The Responsible Jewellery Council (RJC) is currently planning its strategy to help retailers guarantee the ethical source of their jewellery for consumers, but also compliance with the required standards in terms of sustainable development.

The group, whose mandate is to establish benchmarks for the jewelry market, will celebrate its 15th anniversary in 2020 and reflect on the next step in its development,” said Iris Van der Veken, newly appointed Executive Director, and David Bouffard, Chairman of the Board.

We need to look at the next 15 years,” said David Bouffard. “We have before us a new generation of young consumers who are looking for the guarantees that the RJC provides. Many of our members are retailers. We need to develop a toolkit to help these companies benefit from their membership for the benefit of consumers.

Although no such assistance has yet been presented to retailers, David Bouffard plans to offer online tools and content for social networks that jewellers can use to promote their participation in the RJC.

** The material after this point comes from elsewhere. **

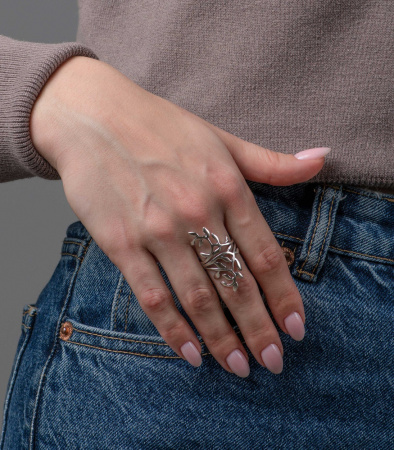 Серебряное кольцо «Лавр»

To date, the RJC has focused on increasing its membership in the B2B (business-to-business) sphere, but consumers generally do not know what it does or what it represents. Developing methods for retailers to use the RJC to improve their brand is an area on which the non-profit organization will focus in the future, he added.

Geographic growth

The RJC has grown from 14 founding companies in 2005 to nearly 1,200 members today. They are active in the mining, manufacturing, wholesale and retail sectors, in the gold, platinum, diamonds, coloured stones and silver segments of the jewellery market.

In addition to getting the message across to consumers, the group’s management believes that the number of members can still increase, pointing to opportunities in Asia and South America, but also in its more established markets of Europe and North America.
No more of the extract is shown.